_What needs to be done_
Your output should be the line that contains "湖北成人高考怎樣報名？" and all lines after it in the records, retyped exactly through the last one.

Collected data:
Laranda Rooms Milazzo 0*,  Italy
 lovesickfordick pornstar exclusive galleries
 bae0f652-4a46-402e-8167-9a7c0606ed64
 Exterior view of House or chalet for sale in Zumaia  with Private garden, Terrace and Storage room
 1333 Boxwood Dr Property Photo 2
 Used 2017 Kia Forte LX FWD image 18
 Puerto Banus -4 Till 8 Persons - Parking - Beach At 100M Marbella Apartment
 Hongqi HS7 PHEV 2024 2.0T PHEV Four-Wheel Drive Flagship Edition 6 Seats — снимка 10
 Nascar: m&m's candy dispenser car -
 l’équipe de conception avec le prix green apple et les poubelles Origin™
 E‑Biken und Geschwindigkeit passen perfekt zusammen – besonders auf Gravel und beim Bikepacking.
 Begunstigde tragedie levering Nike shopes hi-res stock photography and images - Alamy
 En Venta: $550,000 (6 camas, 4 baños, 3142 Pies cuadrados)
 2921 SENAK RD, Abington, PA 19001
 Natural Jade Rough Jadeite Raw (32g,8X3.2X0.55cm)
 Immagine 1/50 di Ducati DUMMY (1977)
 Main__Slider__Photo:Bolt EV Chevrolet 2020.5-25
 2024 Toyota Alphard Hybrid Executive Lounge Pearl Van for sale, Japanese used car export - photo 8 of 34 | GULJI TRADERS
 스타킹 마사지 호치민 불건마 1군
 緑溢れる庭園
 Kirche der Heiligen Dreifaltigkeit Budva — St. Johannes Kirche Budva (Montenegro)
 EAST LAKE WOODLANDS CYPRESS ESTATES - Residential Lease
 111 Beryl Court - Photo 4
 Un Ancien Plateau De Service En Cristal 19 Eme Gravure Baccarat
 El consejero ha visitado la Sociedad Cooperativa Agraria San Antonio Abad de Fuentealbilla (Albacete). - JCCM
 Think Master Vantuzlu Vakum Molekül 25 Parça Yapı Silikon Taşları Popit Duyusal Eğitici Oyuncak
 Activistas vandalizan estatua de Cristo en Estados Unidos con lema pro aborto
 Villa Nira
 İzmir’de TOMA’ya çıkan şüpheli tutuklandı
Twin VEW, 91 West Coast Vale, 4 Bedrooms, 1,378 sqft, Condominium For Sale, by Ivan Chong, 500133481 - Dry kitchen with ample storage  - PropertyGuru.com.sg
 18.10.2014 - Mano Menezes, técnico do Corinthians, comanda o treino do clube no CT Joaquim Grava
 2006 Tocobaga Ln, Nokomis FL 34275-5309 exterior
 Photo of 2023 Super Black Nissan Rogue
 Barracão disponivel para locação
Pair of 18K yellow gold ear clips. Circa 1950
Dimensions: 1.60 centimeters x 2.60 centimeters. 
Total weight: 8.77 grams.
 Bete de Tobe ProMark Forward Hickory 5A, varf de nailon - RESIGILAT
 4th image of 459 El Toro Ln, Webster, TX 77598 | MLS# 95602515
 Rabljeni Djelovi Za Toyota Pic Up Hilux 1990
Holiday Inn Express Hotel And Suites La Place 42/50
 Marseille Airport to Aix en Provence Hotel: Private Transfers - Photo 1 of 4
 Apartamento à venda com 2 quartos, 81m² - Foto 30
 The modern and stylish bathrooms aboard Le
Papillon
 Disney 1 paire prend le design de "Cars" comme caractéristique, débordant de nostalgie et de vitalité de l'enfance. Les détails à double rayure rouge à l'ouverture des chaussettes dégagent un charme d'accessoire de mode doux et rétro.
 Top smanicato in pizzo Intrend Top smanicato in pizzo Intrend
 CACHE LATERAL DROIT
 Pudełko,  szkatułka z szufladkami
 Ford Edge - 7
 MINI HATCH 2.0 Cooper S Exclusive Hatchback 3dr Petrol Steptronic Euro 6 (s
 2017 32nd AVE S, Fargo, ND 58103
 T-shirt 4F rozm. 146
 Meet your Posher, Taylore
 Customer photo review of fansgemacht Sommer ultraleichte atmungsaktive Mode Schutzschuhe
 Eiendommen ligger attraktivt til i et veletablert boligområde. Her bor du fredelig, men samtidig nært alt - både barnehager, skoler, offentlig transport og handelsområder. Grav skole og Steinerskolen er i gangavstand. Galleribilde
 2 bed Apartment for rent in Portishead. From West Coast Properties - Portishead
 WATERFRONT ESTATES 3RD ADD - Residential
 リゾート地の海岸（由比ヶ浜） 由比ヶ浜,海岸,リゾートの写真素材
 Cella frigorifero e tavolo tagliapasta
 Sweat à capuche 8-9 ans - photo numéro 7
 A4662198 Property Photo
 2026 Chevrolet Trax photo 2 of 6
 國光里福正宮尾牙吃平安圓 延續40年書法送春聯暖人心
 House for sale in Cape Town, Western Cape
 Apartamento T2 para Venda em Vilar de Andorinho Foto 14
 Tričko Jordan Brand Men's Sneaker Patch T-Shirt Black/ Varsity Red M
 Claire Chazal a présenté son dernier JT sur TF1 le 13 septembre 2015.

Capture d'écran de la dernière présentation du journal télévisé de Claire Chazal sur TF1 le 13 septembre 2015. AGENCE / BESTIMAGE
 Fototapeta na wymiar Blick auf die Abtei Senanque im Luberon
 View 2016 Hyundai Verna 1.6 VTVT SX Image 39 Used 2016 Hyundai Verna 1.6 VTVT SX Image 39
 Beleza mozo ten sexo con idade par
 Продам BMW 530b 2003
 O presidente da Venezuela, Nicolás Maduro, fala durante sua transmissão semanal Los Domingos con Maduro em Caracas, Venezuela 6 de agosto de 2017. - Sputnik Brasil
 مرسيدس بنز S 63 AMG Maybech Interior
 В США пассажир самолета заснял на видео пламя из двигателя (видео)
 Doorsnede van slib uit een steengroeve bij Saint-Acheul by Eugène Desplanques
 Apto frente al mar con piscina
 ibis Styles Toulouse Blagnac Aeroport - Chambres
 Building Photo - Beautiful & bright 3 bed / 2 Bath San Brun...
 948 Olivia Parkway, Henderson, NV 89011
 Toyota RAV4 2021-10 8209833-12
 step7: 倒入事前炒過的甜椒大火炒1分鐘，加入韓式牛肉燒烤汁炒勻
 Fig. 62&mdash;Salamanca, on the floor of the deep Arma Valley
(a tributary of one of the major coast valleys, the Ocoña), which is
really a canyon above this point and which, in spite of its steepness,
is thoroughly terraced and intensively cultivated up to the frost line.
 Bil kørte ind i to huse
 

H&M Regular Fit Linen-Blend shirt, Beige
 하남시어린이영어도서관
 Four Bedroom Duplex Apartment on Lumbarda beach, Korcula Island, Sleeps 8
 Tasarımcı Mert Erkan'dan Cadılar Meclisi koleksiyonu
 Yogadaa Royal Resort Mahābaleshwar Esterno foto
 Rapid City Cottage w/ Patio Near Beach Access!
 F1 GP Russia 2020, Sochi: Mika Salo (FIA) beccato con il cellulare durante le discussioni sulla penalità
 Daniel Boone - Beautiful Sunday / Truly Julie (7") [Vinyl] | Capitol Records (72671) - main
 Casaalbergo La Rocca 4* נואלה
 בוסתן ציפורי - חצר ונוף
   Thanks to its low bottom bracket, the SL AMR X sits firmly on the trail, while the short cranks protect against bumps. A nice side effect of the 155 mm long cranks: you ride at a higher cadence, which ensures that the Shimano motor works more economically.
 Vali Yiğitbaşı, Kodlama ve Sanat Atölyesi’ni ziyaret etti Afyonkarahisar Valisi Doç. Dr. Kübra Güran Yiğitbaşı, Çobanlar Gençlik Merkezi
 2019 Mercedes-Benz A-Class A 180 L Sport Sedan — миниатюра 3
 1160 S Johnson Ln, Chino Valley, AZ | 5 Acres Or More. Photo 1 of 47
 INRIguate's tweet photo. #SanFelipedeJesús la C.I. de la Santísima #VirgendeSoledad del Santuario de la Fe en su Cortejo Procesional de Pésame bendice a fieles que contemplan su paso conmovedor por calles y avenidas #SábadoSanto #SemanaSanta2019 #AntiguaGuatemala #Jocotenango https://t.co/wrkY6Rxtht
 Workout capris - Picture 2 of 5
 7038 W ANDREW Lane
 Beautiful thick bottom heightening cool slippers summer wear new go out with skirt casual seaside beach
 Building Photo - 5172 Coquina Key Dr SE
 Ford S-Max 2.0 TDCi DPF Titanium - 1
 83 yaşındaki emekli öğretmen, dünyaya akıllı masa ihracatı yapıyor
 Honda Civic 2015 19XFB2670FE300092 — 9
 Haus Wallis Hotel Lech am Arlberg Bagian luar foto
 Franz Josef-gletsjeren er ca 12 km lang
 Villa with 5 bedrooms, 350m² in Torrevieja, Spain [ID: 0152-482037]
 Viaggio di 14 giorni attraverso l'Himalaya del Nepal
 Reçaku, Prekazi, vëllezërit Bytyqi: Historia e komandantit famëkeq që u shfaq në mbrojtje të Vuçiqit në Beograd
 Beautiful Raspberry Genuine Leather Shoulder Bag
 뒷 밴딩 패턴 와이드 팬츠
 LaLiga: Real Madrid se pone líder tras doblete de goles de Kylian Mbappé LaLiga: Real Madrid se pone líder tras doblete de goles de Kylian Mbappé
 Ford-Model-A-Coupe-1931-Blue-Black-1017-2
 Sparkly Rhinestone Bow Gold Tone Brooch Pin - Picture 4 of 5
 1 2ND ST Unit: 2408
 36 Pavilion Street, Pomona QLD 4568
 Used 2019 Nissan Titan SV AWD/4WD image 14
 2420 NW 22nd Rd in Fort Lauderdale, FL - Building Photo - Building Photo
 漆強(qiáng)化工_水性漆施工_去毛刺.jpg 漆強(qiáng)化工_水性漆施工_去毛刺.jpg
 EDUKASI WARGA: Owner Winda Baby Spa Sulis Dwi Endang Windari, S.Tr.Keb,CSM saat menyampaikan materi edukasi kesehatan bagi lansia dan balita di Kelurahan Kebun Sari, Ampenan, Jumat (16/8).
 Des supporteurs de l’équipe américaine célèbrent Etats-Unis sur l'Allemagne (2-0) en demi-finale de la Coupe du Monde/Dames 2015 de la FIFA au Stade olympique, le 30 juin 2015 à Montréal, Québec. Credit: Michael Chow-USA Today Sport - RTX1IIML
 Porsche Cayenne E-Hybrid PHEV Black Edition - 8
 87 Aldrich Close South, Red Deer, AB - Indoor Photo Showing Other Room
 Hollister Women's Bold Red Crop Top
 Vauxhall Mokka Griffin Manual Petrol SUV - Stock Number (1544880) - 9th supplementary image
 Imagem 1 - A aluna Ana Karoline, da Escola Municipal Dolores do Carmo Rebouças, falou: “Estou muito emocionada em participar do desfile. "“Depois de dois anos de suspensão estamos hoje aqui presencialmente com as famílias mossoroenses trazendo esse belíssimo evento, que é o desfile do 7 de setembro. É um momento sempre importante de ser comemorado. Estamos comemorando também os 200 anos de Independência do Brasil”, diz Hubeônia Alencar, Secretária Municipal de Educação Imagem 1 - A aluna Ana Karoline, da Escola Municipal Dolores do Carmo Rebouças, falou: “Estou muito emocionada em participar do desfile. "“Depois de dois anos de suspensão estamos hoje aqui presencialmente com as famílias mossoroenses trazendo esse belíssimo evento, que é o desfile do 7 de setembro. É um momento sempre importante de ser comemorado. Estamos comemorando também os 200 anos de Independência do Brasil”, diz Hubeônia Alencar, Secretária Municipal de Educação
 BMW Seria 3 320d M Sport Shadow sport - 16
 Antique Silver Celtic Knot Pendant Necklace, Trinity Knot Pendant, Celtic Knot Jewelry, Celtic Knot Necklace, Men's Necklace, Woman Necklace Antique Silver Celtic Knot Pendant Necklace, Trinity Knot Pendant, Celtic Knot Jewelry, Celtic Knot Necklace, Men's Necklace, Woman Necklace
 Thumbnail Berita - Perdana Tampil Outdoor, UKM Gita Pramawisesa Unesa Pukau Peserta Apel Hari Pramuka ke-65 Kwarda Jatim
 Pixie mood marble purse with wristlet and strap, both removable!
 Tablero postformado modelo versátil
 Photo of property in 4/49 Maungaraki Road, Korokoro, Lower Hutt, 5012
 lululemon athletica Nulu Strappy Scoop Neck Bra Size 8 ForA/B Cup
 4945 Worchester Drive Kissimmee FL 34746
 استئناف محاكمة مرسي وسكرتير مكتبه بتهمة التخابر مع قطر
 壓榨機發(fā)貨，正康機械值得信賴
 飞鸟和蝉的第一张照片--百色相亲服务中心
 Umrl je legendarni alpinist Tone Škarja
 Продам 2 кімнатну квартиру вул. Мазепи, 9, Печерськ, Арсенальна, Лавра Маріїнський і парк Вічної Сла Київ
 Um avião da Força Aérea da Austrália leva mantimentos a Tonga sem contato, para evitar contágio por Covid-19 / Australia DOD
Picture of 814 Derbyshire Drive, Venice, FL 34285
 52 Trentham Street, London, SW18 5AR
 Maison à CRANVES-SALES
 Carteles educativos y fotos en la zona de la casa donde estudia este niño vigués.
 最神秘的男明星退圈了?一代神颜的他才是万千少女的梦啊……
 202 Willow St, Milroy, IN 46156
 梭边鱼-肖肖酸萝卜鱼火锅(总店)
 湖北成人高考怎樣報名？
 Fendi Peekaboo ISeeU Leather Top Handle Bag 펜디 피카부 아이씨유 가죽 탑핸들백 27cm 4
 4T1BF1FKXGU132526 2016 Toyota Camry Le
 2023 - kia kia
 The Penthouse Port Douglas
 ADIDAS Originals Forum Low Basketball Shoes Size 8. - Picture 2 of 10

_Result for this exercise_
 湖北成人高考怎樣報名？
 Fendi Peekaboo ISeeU Leather Top Handle Bag 펜디 피카부 아이씨유 가죽 탑핸들백 27cm 4
 4T1BF1FKXGU132526 2016 Toyota Camry Le
 2023 - kia kia
 The Penthouse Port Douglas
 ADIDAS Originals Forum Low Basketball Shoes Size 8. - Picture 2 of 10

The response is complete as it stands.